The king of leg muscle exercise, we make squats the cornerstone of our leg training. Start light and build your poundage gradually, developing perfect technique. Go to parallel and don't bounce at the bottom.

  1. Position the bar on the squat rack at a height approximately 3-5 inches lower than your shoulder.

  2. Check your equipment: weights on both sides, collars, spotter, rails adjusted, general area clear of loose plates and debris.

  3. Use 2 spotters, especially if you're using heavy weights. Place your hands evenly on the bar and position yourself so that the bar rests near the top of the trapezius muscles but not on the cervical spine. With your feet squarely under it, lift the bar from the rack with the legs.

  4. Step back just far enough to avoid bumping the rack during the exercise. Position your feet at a comfortable width.

  5. Your weight should remain centered over the back half of your feet, not your toes, throughout the descent and ascent.

  6. Descend with control into a position where the tops of your thighs are about parallel to the floor, keeping your torso and back erect so that your hips remain under the bar at all times.

  7. Don't allow your hips to drift backward, your knees to drift inward or out beyond your toes, or your torso to incline forward.

  8. Check on proper position to ensure that the angles formed at the knee joint and hip joint are close to being equal.

  9. Vigorously rise out of the bottom position following the same path that your descended - the torso and back remain erect and the hips remain under the bar throughout the ascent.

  10. As your leverage improves throughout your ascent, accelerate the bar with maximum force.
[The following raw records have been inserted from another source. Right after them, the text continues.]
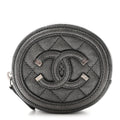 Metallic Caviar Quilted Filigree Zip Around Classic Coin Purse Dark Silver
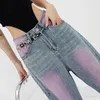 Frauen Jeans Y2K Harajuku High Taille Vintage Loose Hosen Amerikaner Retro Streetwear Weitbein Baggy Krawatte Dye Denimhose N07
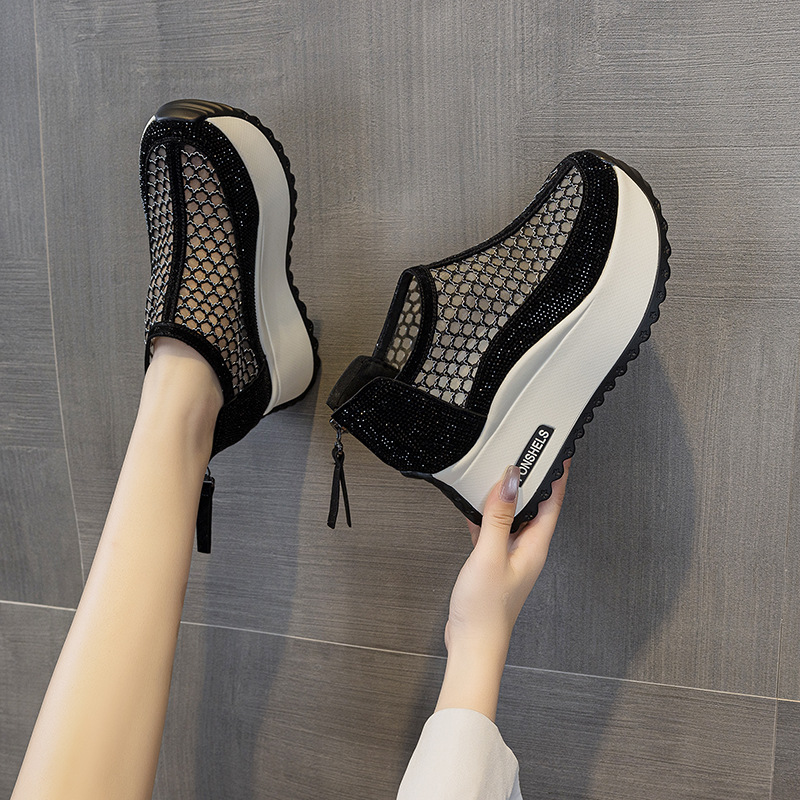 Giày sneaker nữ chunky đế dày mũi tròn lưới thoáng khí phong cách thể thao — M2839 màu xanh lam, M2839 màu be, M2839 màu đen, M2839 màu tím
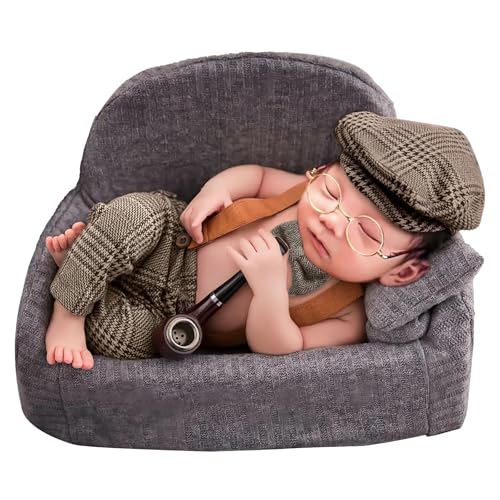 Image of SPOKKI 4 Pcs Newborn Baby Photo Props, Lattice Rompers Suspender Pants with Beret Glasses Bow Tie for Infant Boys' Costumes, Newborn Boy Photography Outfit Set, Checked Fabric Gentleman Suit (Brown)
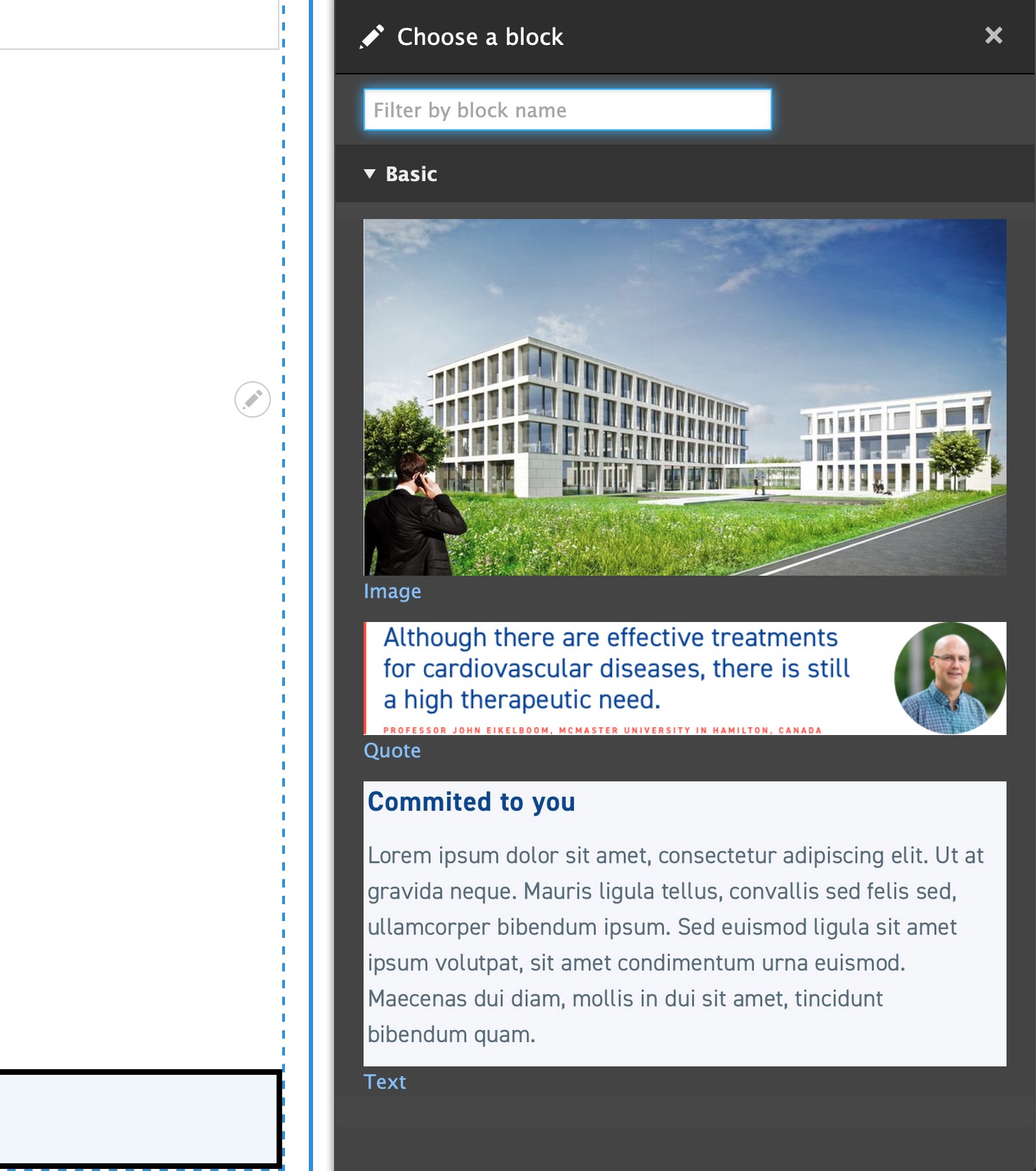 Frontend example (Default off-canvas dialog)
Slow down just short of lockout to eliminate unnecessary ballistics.

  11. Use supportive devices such as power suits and wraps only if the weight is extremely heavy. Doing without such devices for light to moderate squatting forces your body - instead of your gear - to adapt to the stress.

  12. When returning the bar to the rack, have both spotters carefully guide you in, being sure that your hands aren't in the way. Your fatigues state has diminished your control over the weight, so use caution here.